LONDON (Reuters) — The Bank of England said on Wednesday British interest rates could start to rise from record lows in little more than a year as a rapid recovery brings the economy closer to operating at full steam.

Governor Mark Carney — forced to ditch a previous version of rates guidance after it was overtaken by a sharp fall in unemployment — also announced the Bank would now follow a much broader range of measures of slack in the economy in making rates decisions.

The BoE slashed interest rates to 0.5 percent at the height of the financial crisis in 2009. The economy bounced back strongly last year but remains smaller than before the crisis and Carney stressed any increase in rates would be gradual.

"The message to businesses, to households is that the Bank rate is going to follow a path that is consistent with jobs, with incomes and with spending growing in a sustainable way," he

said. "We are going to calibrate it carefully.

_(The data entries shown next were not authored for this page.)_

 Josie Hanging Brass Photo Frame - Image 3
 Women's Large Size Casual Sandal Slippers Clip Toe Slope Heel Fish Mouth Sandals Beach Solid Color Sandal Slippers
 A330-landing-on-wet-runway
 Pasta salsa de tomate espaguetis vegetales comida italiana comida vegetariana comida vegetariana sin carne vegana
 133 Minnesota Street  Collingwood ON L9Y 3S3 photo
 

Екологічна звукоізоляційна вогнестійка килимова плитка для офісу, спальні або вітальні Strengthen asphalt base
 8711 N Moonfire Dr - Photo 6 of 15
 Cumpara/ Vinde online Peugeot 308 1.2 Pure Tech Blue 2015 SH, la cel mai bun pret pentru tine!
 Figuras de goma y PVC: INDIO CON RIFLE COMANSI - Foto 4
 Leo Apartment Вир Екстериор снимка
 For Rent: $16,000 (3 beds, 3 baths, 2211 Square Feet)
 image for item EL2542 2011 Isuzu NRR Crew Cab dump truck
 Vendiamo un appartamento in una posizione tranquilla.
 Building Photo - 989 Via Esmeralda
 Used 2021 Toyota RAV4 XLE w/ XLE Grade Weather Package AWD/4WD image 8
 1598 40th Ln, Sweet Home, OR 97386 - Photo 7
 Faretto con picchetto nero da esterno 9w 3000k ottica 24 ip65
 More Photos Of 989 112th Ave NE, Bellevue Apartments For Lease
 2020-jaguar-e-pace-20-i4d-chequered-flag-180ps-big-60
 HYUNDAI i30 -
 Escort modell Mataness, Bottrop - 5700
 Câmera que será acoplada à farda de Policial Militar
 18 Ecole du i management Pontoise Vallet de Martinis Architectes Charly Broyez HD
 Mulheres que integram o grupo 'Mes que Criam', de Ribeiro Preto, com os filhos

We are not going to take risks with this recovery."

The central bank said a view in financial markets that rates could rise in the second quarter of next year — around the time of a national election — was consistent with its goal to keep inflation close to its 2 percent target.


It also pointed to market expectations that its interest rate would stand at 2 percent in three years' time, a timeframe supported by a Reuters poll of economists taken after the BoE announcement.

Sterling hit a two-week high against the dollar and British government bond prices fell after the Bank's announcement as investors added to bets on a rate hike next year.

The Bank said it will focus on 18 separate measures of the spare capacity in Britain's economy, including business surveys and the number of hours worked, something economists said would make it hard to guess the BoE's next moves.

The array of indicators contrasted with the guidance adopted by the BoE last August when it said it would consider whether to raise borrowing costs only once unemployment fell to 7 percent.

The jobless rate has since tumbled to 7.1 percent. The BoE forecast on Wednesday it will reach 6.5 percent in early 2015.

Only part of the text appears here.